Sunday, July 30, 2006

Going through hell for a slice of heaven

One of the best instincts in us is that which induces us to have a little piece of earth with a house and garden which is ours.

-- Sir Robert Menzies

The Great Australian Dream, to which Sir Robert referred, is rapidly becoming a nightmare for our kids.

In the early 1980s, the price of the median land and house package in all major Australian cities, except Sydney, was equal to three times median household income.  On top of this the block sizes were large, by international standards and taxes and charges were low.  As a result home ownership in Australia was among the highest in the world.

Since then, but largely since 1996, the price of that "little piece of earth" has moved out of sight of the financial capacity of the average family.

In all of the nation's major cities the ratio of median house price to median income now exceeds 6 with Melbourne being 6.4.

The culprit is land rationing masquerading as "zoning" and State Government taxation.

The National Housing Affordability Conference, held in Canberra this week, highlighted many of the symptoms of runaway housing prices.

Among them was the concern that it locks young people out of the dream altogether or entraps them with horrifically high mortgages or relegates them to dense, high rise living unsuitable to rearing children.

This in turn acts as a disincentive to have children;  care for elderly and save -- things the younger are increasingly being expected to do.

On top of this it absorbs and wastes a large and growing proportion of the nation's wealth.  Housing accounts for just over 58 per cent of the nation's wealth.  This is very high by world standards and has increased sharply over the past few decades.
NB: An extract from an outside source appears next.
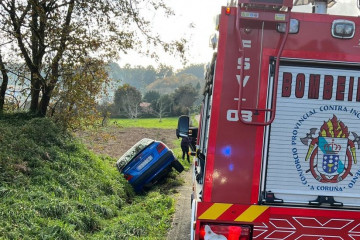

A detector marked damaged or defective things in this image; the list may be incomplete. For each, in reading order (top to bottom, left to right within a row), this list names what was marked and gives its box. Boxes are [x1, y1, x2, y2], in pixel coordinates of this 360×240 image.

crashed blue car [116, 138, 183, 192]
While investment in housing is both necessary and healthy, a large share of the investment in housing in Australia is illusory.  It reflects in price inflation and regulatory-driven scarcity.

Until the late 1980s state and local governments focused on insuring a large, accessible supply of low cost land.  Then under the misguided pursuit of controlling sprawl, the focus shifted to limiting the supply of land particularly on the city fringe.

The law of supply and demand drove the price of land ever higher.

Governments contributed further to the high prices.  They pushed up taxes on housing by 300 per cent over the past decade.

Don't expect things to change.  Too many people have too much at risk.

This includes many of the leading lights of the Affording Housing Summit who seek to treat the symptoms rather then the cause by seeking to require builders to increase the amount of low cost housing.

Governments are also hooked on the easy money generated by house price inflation.  The banks and developers are locked into the inflated prices and fear for their investments if the regulatory measures underpinning them were removed.

And many thousands of investors are geared to the hilt betting that prices will only rise.

Most significantly the agencies and professions that regulate the housing sector have succumbed to an anti-growth, they-know-best ideology.

In other words, the guardian is committed to destroying the dream.  Pity our children.